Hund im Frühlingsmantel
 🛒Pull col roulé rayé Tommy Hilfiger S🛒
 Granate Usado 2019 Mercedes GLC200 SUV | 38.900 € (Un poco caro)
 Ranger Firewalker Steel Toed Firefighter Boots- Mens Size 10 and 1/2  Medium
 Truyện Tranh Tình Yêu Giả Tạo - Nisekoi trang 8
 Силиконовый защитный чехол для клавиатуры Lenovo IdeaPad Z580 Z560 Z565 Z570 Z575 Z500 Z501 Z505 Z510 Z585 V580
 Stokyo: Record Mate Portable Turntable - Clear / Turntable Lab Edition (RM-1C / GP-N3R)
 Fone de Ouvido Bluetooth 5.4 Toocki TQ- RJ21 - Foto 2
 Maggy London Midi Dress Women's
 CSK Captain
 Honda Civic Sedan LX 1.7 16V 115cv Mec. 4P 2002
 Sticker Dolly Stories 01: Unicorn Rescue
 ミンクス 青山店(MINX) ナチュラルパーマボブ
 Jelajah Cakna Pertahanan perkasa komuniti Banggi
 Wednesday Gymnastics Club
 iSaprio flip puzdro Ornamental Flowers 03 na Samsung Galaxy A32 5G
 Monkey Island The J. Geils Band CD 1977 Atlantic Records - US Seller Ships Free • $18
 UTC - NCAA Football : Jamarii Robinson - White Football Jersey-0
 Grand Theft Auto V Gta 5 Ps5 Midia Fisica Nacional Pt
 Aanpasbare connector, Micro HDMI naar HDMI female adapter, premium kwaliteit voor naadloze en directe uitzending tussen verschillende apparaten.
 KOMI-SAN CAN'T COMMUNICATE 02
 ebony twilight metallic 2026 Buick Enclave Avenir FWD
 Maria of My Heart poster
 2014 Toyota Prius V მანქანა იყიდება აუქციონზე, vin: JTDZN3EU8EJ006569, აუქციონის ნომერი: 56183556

________________________

-- Task instructions --
Everything above from the line containing "Granate Usado 2019" down to the line containing "Truyện Tranh Tình" should be copied exactly, both end lines included, and nothing else.

-- Output --
 Granate Usado 2019 Mercedes GLC200 SUV | 38.900 € (Un poco caro)
 Ranger Firewalker Steel Toed Firefighter Boots- Mens Size 10 and 1/2  Medium
 Truyện Tranh Tình Yêu Giả Tạo - Nisekoi trang 8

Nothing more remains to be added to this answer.